Flamboyant New York developer Donald Trump was in town for
the ceremony. His 90-story will be the fourth tallest building
in Chicago at 1,125 ft.
Chicago-based Skidmore, Owings & Merrill is the architect,
and the Chicago office of New York-based Bovis Lend Lease
is serving as the general contractor.
Tribune Foundation Unveils Museum Plans
The Chicago-based McCormick Tribune Foundation has announced
plans to build a public museum dedicated to America's freedoms,
with special emphasis on First Amendment rights.
The not-yet-named facility will feature 10,000 sq. ft. of
exhibition space and will be located in the Tribune Tower
on Michigan Avenue.
The project is expected to start in April, and the museum
is project to open the same month in 2006.
The McCormick Museum Foundation was created to design, build
and operate the museum.
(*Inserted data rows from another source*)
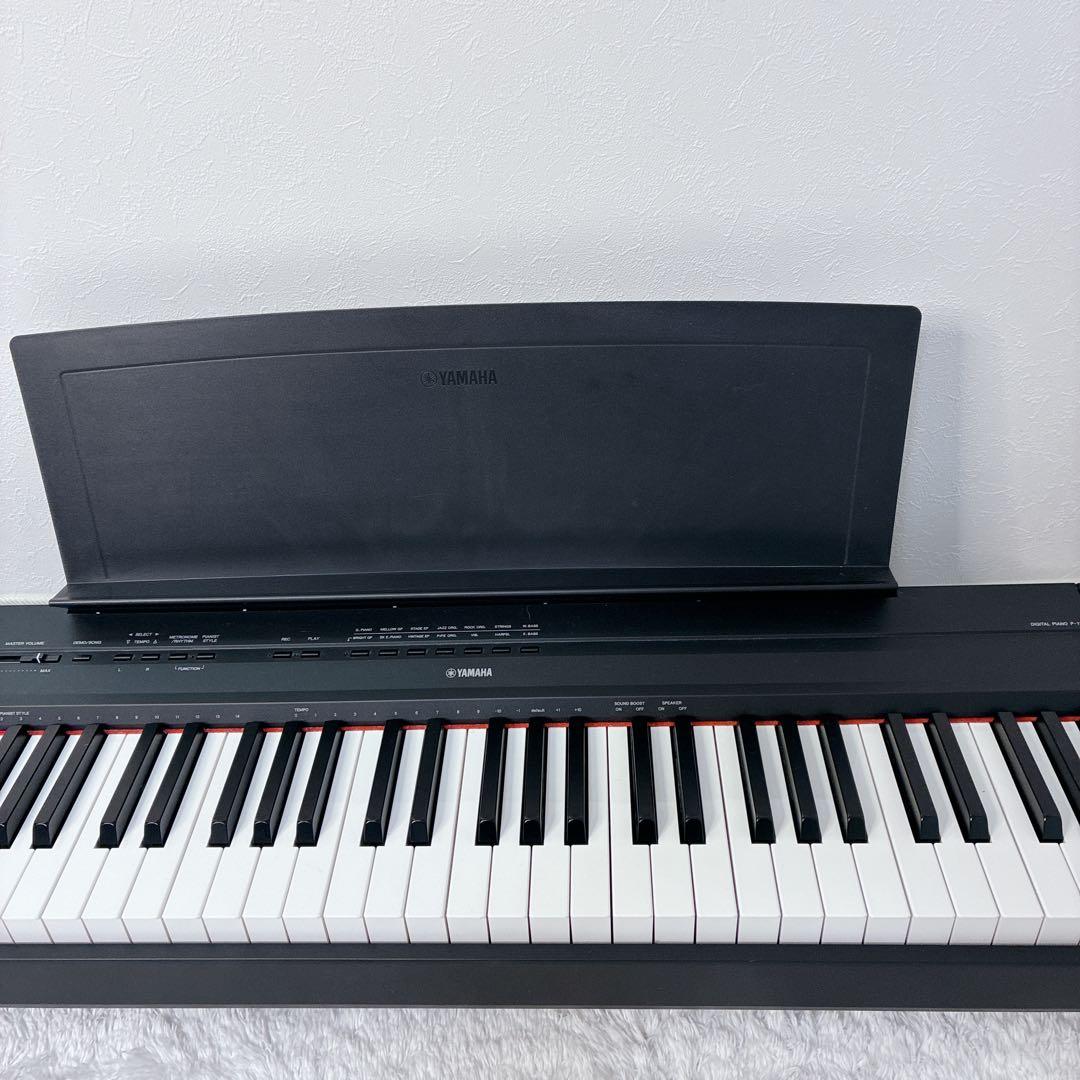 YAMAHA ヤマハ ピアノ 電子ピアノ P-115 (88鍵) 楽器 音楽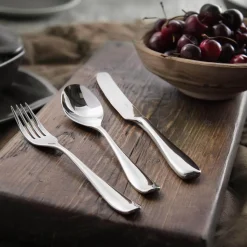 Robert Welch Warwick Bright Stainless Steel Table Fork
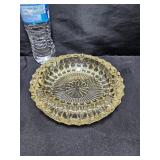 Heavy Glass Ashtray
Chicago-based VOA Associates will
apply programming, master planning, architecture and interior
design services.
Preservation Projects Get Recognition
Nine awards recognizing outstanding preservation efforts
throughout the state were recently presented as part of the
Landmark Preservation Council of Illinois's annual Richard
H. Driehaus Foundation Preservation Awards program.
The winners were honored at a gala dinner held in the reconstructed
Stock Exchange Trading Room at the Art Institute of Chicago.
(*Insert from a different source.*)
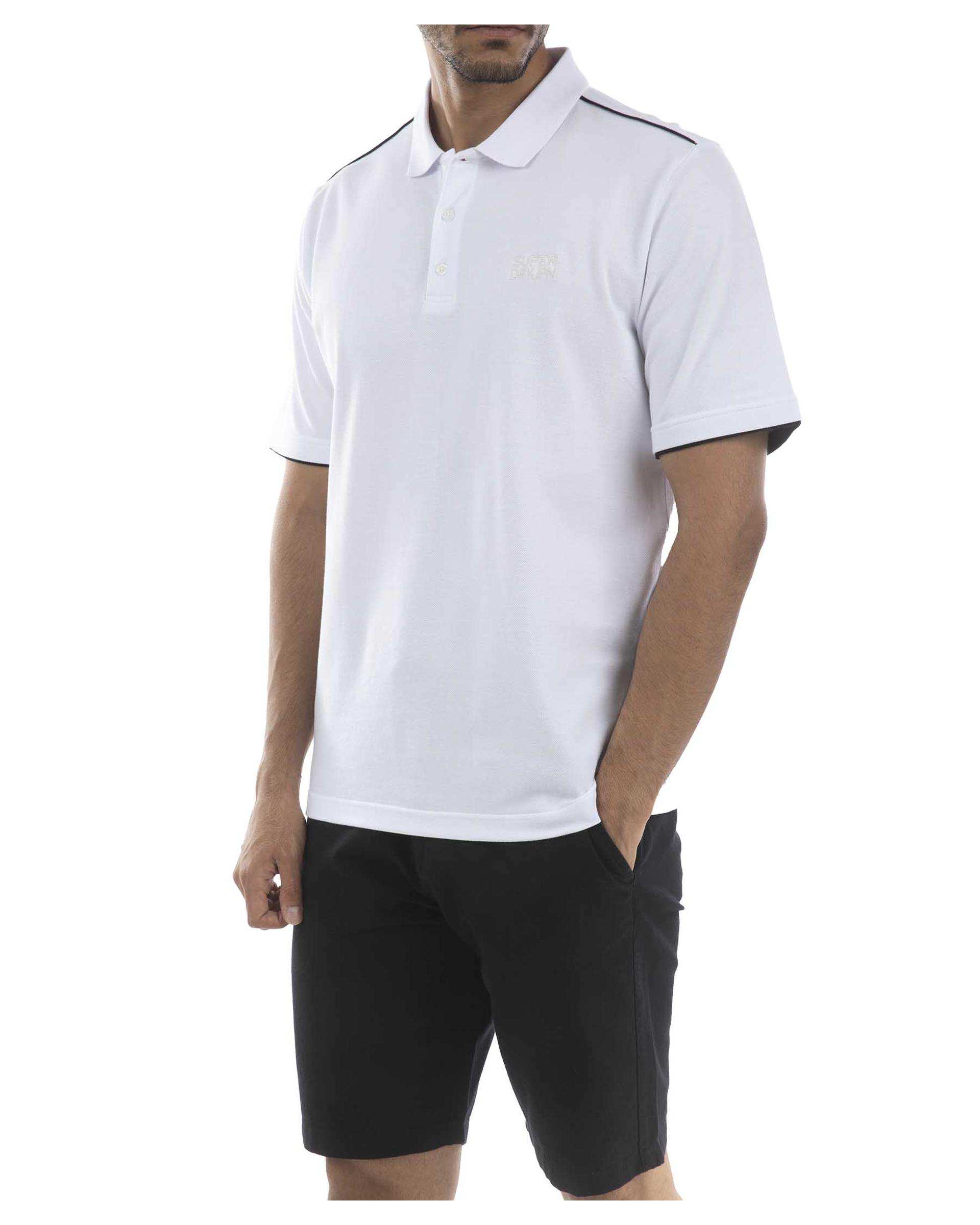 پولوشرت مردانه سفید سوپردرای Superdry کد M11S41601S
The projects and individuals honored were:
Central Park Band Shell, Orion: Two years of determined
fundraising and painstaking rehabilitation work helped save
this 90-year-old community music pavilion in northwest Illinois.
Dempster Street Station, Skokie: This Prairie-style
building operated for nearly 70 years as a train station along
the Skokie Swift elevated train line before closing in 1994.
Nine years after appearing on LPCI's Ten Most Endangered Historic
Places in Illinois list, the station has been saved from demolition
and restored for retail use.
Emmett's Tavern & Brewing Company, West Dundee:
This conversion of an 1871 bank building into a local brewery
and fine dining restaurant has helped spur redevelopment of
this Fox River town's historic commercial district.
Hard Rock Hotel, Chicago: The 40-story Carbide and
Carbon Building, which was constructed as an office building
in 1929 was converted into a 381-room hotel with the assistance
of federal and local tax incentives for historic preservation.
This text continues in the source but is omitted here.